Но вот совершенно иное мироощущение и совершенно иную организацию пространства и героя в нём мы встретим у другого выдающегося романиста XIX века – Г. Флобера. История его героев не выходит за рамки «провинциальных нравов», и в противоположность бальзаковским персонажи Флобера замкнуты в пространстве, подчинены его власти. Анализируя роман Флобера «Госпожа Бовари», известный литературовед В. Бахмутский пишет о трёх типах пространства: бытовом, космическом и внутреннем пространстве самой героини. Космическое противопоставлено бытовому – бесконечное небо, поля подчёркивают замкнутость, ограниченность провинциального Ионвиля и Руана, дальше которых даже не мыслится жизнь персонажей. Внутреннее пространство главной героини, Эммы, её мечты тоже не свободны от материи жизни: она задыхается от духовной пустоты, её душевное пространство «сплошь заставлено вещами»[8]. Противопоставление, противоборство реального и иллюзорного в романе Флобера разрешается в пользу материального…

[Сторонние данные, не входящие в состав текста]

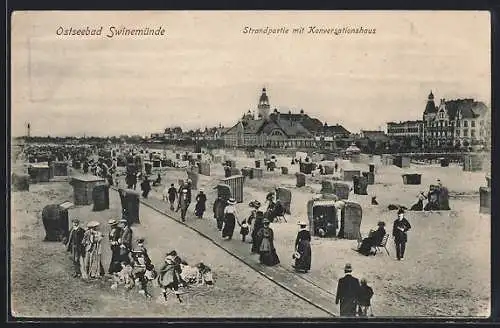 AK Swinemünde, Strandpartie mit Konversationshaus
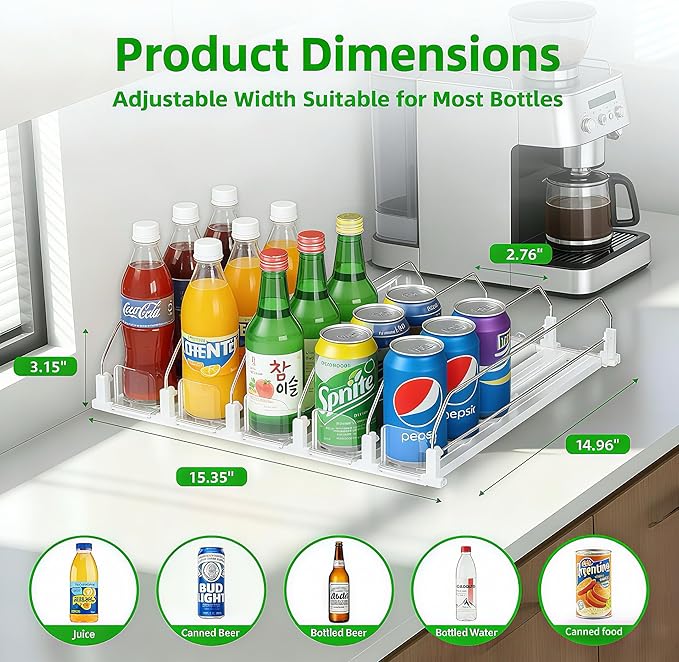 Adjustable White Fridge Organizer, Automatic Can Dispenser & Drink Rack | Holds up to 25 Cans (12oz/16oz/20oz), Gliding Soda & Beer Organizer for Refrigerator - Space Saving Kitchen Storage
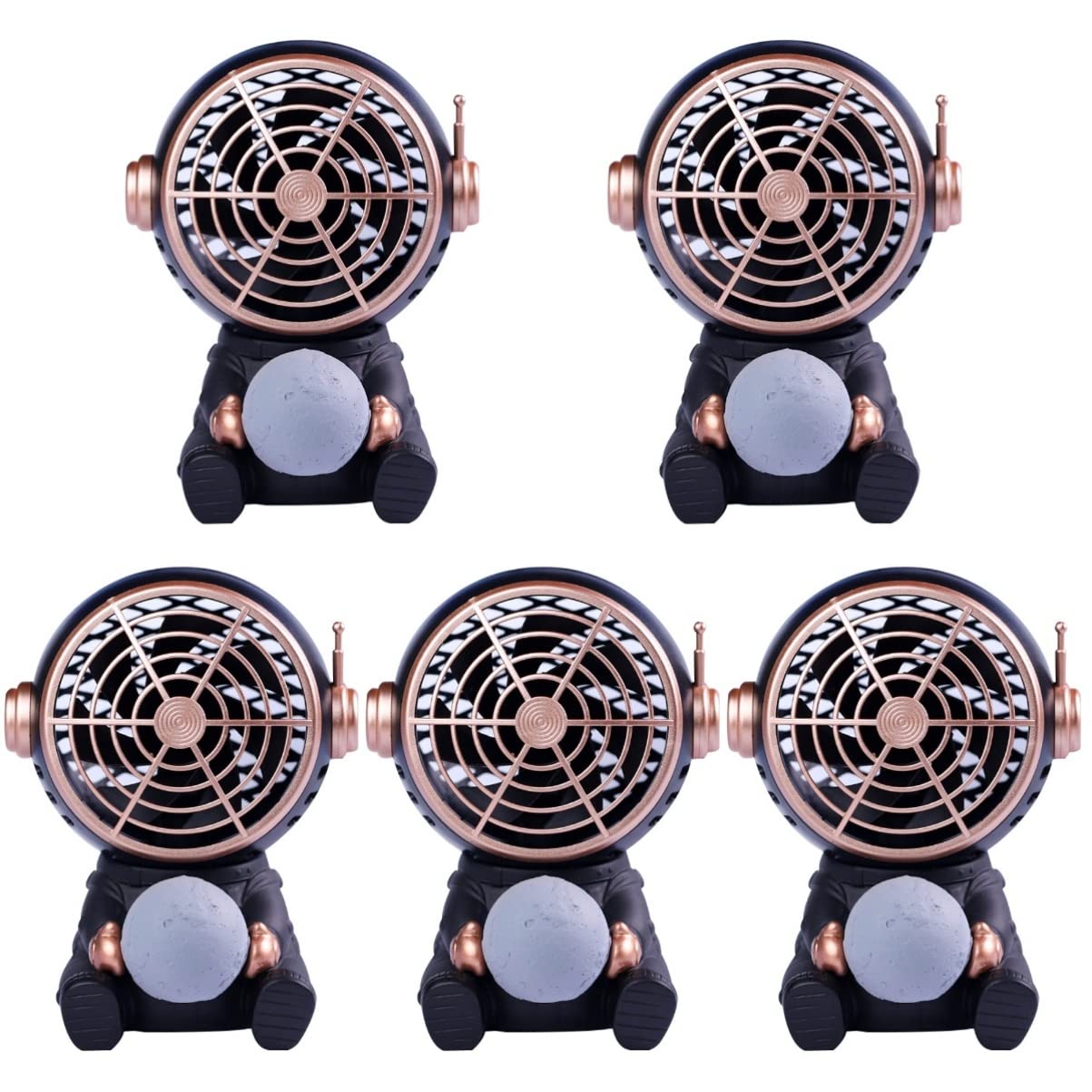 Bestoyard 5-in-1 USB Rechargeable Portable Desk Fan with LED Lamp - Cartoon Astronaut Shape for Office, Home, Dorm & Travel - Quiet Cooling Mini Fan with Flexible Neck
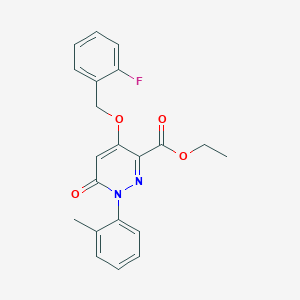 molecular formula C21H19FN2O4 B2703387 Ethyl 4-[(2-fluorophenyl)methoxy]-1-(2-methylphenyl)-6-oxopyridazine-3-carboxylate CAS No. 886952-18-7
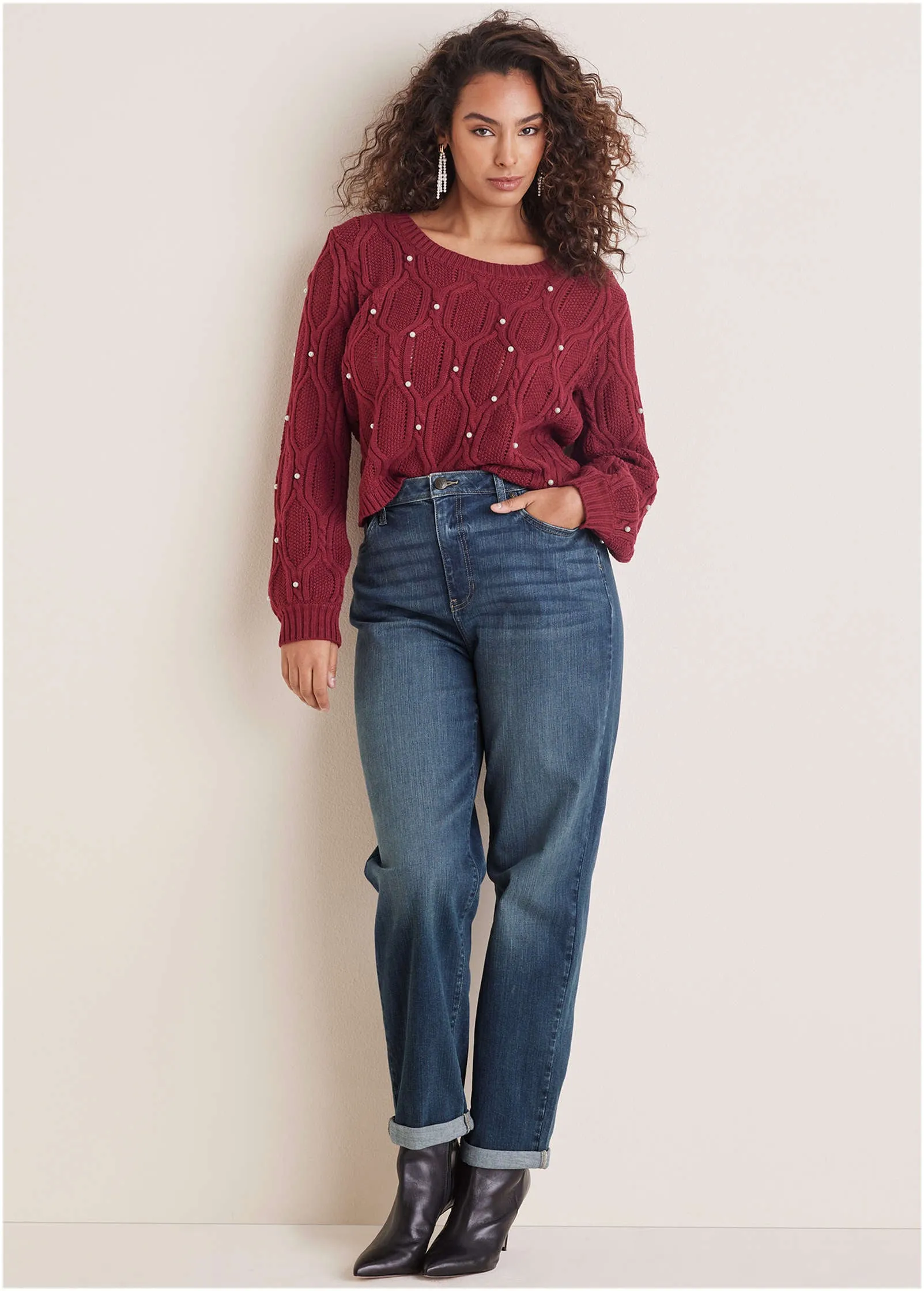 Pearl Detail Sweater  - Wine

О степени сложности, которой достигли взаимоотношения личности с окружающим миром, можно судить по эволюции самого жанра романа: его постепенному и очевидному приближению к реалиям жизни, полифоничной системе характеров, по отказу от искусственной выстроенности сюжета и доверию к случайности, незавершённости события и судьбы героя. О современном романе, рождённом новой эпохой, много размышлял М. Бахтин. Понятие пространства в его теории романа играет одну из ведущих ролей. Процесс освоения реального исторического пространства и времени рассматривается Бахтиным как основополагающий в художественной обработке реальности и в становлении жанровых методов, когда все жанры романа более или менее «романизируются»: становятся свободнее, пластичнее, диалогизируются, отличаются большей проблемностью и жизненностью.
Влияние романа испытывает, конечно, и театральная драматургия. Стремление обновить драму, приблизить её к жизни – и по содержанию, и по форме – было ощутимо уже в начале XIX века: сломав каноны классицистической драматургии, романтики «расчистили почву» для новой драмы, хотя при этом и не стремились к критическому освоению действительности. Первые значительные шаги в сторону реализма были сделаны в России в «Ревизоре» и «Женитьбе» Н. Гоголя, в пьесах И. Тургенева. В западной Европе шёл почти параллельный процесс. Э. Золя, например, откровенно говорил, что ждёт, когда «эволюция, которая произошла в жанре романа, завершится в театре»[9]. В понимании другого известного драматурга конца XIX века – А. Стриндберга суть новой натуралистической драмы в том, что жизнь берётся в крайних её проявлениях, в центре внимания «жизненные битвы с их полями сражений, жалобными стонами, с их убитыми и ранеными»[10]. (Вспомним слова Ортеги-и-Гассета о том, что жизнь есть кораблекрушение…). В творческом методе авторов новой драмы очевидна эволюция от первостепенности жизненно достоверных факторов ко всё более углублённому постижению психологии характера, постижению человеческой души. Отстояв за собой творческое право на создание реалистической среды, определяющей и формирующей характеры, и изучая в своих пьесах взаимное воздействие общества на индивидуум и индивидуума на общество, драматурги пришли к самому сложному (по утверждению Ортеги-и-Гассета) – к области внутреннего «я» человека. Интересны в этом смысле размышления М. Метерлинка, писавшего о том, что драма «попыталась открыть в области психологии и нравственной жизни равноценное тому, что она потеряла во внешней жизни прошлого. Она глубже проникла в человеческую совесть»[11].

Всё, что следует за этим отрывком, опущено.